Two mutually exclusive streaming strategies are available:

1. **Overlap-buffer (default)** — fixed 4-second windows with 1-second overlap.
   Emits `Partial` (interim) results as speech progresses and `Final` on
   endpointing (~600 ms silence or decoder blank streak).
   - `--streaming-window-ms` / `--streaming-overlap-ms` tune latency vs accuracy.
   - `--streaming-fuzzy-threshold` enables fuzzy boundary merge.

2. **VAD-based simulated streaming (`--vad`)** — Silero VAD segments speech
   into natural utterances; each utterance is transcribed offline with the
   full encoder context. Eliminates boundary artefacts entirely. While speech
   is active, partial (interim) results are still emitted via the overlap-buffer
   so clients see live transcription progress.
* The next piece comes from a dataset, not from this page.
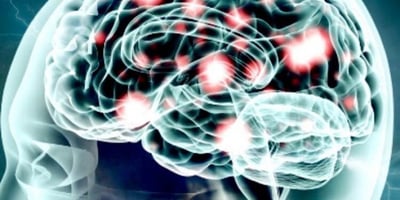 10 Façons D’augmenter la Dopamine dans votre Cerveau 10 Façons D’augmenter la Dopamine dans votre Cerveau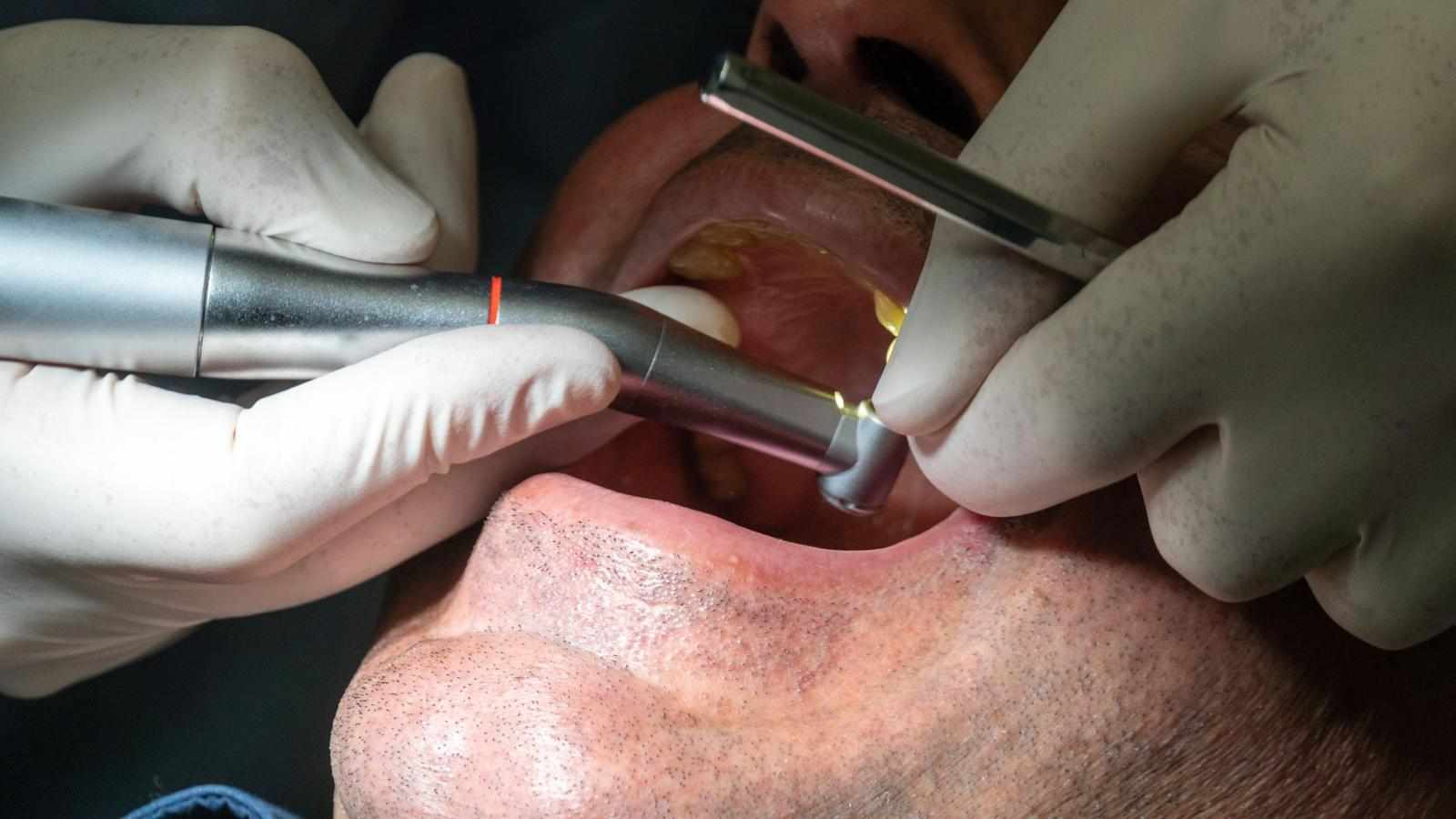 Dental Implants vs. Dentures: Which Is the Better Fit for You?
Suitable for high-accuracy
   use cases where latency tolerance is higher.

### Tunable overlap-buffer parameters
- `--streaming-window-ms` (default 4000) — mel frames per encoder window.
- `--streaming-overlap-ms` (default 1000) — overlap between consecutive windows.
- `--streaming-fuzzy-threshold` (default 1.0) — normalized Levenshtein similarity
  for boundary word deduplication. Lower values reduce duplicate words on
  boundaries at the cost of potentially missing legitimate repetitions.

### Graceful shutdown
- `CancellationToken` + `TaskTracker` cascades through every WS / SSE handler.
- On SIGTERM each session flushes, emits a final frame, and closes with
  `Close(1001 Going Away)`.
- `--shutdown-drain-secs` (default 10) bounds the wait after `axum::serve`
  returns. `--max-session-secs` (default 3600) caps any single WS session.

## Development guidelines

### TDD workflow
1. Write failing test first
2. Implement minimal code to pass
3. Refactor, verify tests still pass
4. `cargo test && cargo clippy` before every commit

### API versioning & backward compatibility
- WebSocket protocol version: `PROTOCOL_VERSION = "1.0"` (in `protocol/mod.rs`)
- `ServerMessage::Ready` includes `version` field sent on connection
- Canonical WS path: `/v1/ws`. `/ws` remains as a deprecated alias.
- New fields are additive only; never remove or rename existing fields.

### Code style
- Rust 2024 edition
- `anyhow` for error handling, `tracing` for logging
- No `unwrap()` in production paths (use `?`, `context()`, or `unwrap_or_else`)
- Shared inference constants live in `inference/mod.rs`

### Audio format support
- File transcription: WAV, M4A/AAC, MP3, OGG/Vorbis, FLAC (via symphonia)
- WebSocket: raw PCM16 binary frames at configurable sample rate; resampled
  to 16 kHz server-side via rubato

### Security
- **Loopback bind by default.** `127.0.0.1` only; `--bind-all` /
  `PHOSTT_ALLOW_BIND_ANY=1` required for non-loopback.
- **Origin allowlist.** Cross-origin denied by default; `--allow-origin`
  to extend, `--cors-allow-any` for wildcard.
- **Runtime limits**: `--idle-timeout-secs` (300), `--ws-frame-max-bytes`
  (512 KiB), `--body-limit-bytes` (50 MiB), `--pool-size` (4),
  `--max-session-secs` (3600), `--shutdown-drain-secs` (10).
- **Per-IP rate limiting** (opt-in): `--rate-limit-per-minute N` +
  `--rate-limit-burst`.
- **SHA-256 verification + atomic rename** on every model file.
- **Internal errors sanitized** — no path or model leakage to clients.
- **Prometheus `/metrics`** (opt-in via `--metrics`).